Костенко достал из кармана пиджака бумажник, раскрыл его, показал фото женщине:

— Этот воспитатель у вас был?

— Ой, батюшки-светы, он!

— Когда он вас навестил?

— Да с месяц, наверное…

— Одет был во что?

— Так он капитан, моряк, в звездах я не разбираюсь, правда… Погодите-ка, а почему вы из газеты — и с этим?

— Я пишу для журнала «Человек и закон», а мы там всякие дела раскручиваем, Галина Ивановна… Адреса он вам, конечно, не оставил?

— Обещал написать.

«Значит, он сжался перед броском, — понял Костенко. — Он подбирает последние крохи, он не хочет, чтобы хоть что-нибудь осталось после него на память».

— Но он такой же, как на фотографии?

— Покажите еще раз, я его глаза сразу увидала, они запоминаются — глаза человека, знавшего, что такое блокада Ленинграда…

— А как можно такие глаза описать?

— Они очень живые, но в самой глубине — пустота, боль непроходимая, затаенность, страх перед завтрашним днем. Так мне кажется, хоть я блокаду почти не помню. Помню только, каким тяжелым и холодным был кусок хлеба и как в нем пальцы вязли… Как в пластилине…

Она взяла фото, посмотрела:

— Он сейчас в очках, с усами, потолстел…

— Усы — седые?

— Знаете, нет… Он вообще почти совсем без седины шатен, не дашь его возраста, выглядит значительно моложе…

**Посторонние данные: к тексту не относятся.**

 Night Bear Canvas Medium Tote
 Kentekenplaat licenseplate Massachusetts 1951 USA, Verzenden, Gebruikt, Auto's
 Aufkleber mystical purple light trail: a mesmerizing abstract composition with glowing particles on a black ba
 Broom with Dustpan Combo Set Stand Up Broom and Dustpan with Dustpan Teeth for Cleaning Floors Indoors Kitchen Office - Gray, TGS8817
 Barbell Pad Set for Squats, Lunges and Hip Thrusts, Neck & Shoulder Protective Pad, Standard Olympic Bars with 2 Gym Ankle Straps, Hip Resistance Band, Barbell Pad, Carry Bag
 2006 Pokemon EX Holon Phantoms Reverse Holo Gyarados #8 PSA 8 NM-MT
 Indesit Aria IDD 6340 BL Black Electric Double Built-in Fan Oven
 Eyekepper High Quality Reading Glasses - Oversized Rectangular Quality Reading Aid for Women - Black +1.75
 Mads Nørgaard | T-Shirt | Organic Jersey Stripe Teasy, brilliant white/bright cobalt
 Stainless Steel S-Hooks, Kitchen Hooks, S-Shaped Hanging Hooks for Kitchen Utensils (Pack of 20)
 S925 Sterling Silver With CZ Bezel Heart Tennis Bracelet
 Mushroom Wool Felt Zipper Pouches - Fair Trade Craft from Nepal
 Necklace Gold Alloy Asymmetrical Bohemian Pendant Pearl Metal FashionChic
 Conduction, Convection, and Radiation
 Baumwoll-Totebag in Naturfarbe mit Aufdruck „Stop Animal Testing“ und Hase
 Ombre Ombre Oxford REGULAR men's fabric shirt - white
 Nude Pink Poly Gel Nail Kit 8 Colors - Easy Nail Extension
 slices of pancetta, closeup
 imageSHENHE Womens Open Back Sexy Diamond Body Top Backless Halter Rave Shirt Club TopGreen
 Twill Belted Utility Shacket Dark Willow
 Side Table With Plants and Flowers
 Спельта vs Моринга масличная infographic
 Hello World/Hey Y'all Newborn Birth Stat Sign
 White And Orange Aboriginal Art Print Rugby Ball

— Это очень опасный преступник, Галина Ивановна. Очень. Если он к вам вдруг, — вряд ли, конечно, но если — придет, вы не вздумайте сказать ему про мой визит. И не покажите вида, что заметили пропажу фотографий… И вот вам телефоны — здешний и московский… А теперь давайте-ка вспоминать — все, что только можно о нем вспомнить.

РЕТРОСПЕКТИВА-VI

(Апрель, 1945)

От Осташкова Кротов шел по заросшему большаку, сквозь пустые, словно бы вымершие деревни. Несколько деревень он угадал лишь по остаткам труб — все остальное сгорело.

К колхозу «Светлый путь» — всего шесть дворов цело — он подошел под вечер, свернул с большака на опушку леса, присел на пенек и долго изучал дома — хотел проверить себя, определить дом Милинко, соотнося свой анализ с обликом морячка, который, раскачиваясь, шел по лесной дороге под Бреслау.

«Руки у него были хорошие, — вспомнил Кротов, — жилистые руки, работящие, значит, топор умел держать, венцы б подвел и крышу мог перестелить… А здесь все дома завалились… Хотя война, мужиков на фронт угнали, за четыре года и дворец покосится без глаза, за хозяйством надо каждодневно смотреть, иначе порушится все, отец прав был, когда каждый день наш дом обхаживал. Умный у меня батька, пристраивал помаленечку, чтоб зазря никого в зло не вводить, а главное зло — зависть людская. Черви завсегда крокодилам завидуют, не зря батя говорил, что крокодил — умное животное и попусту никого не обижает: «Голод не тетка, того хватает, кто сам попадается под зуб, — а ты не попадайся. Попал, зараза — сам виноват».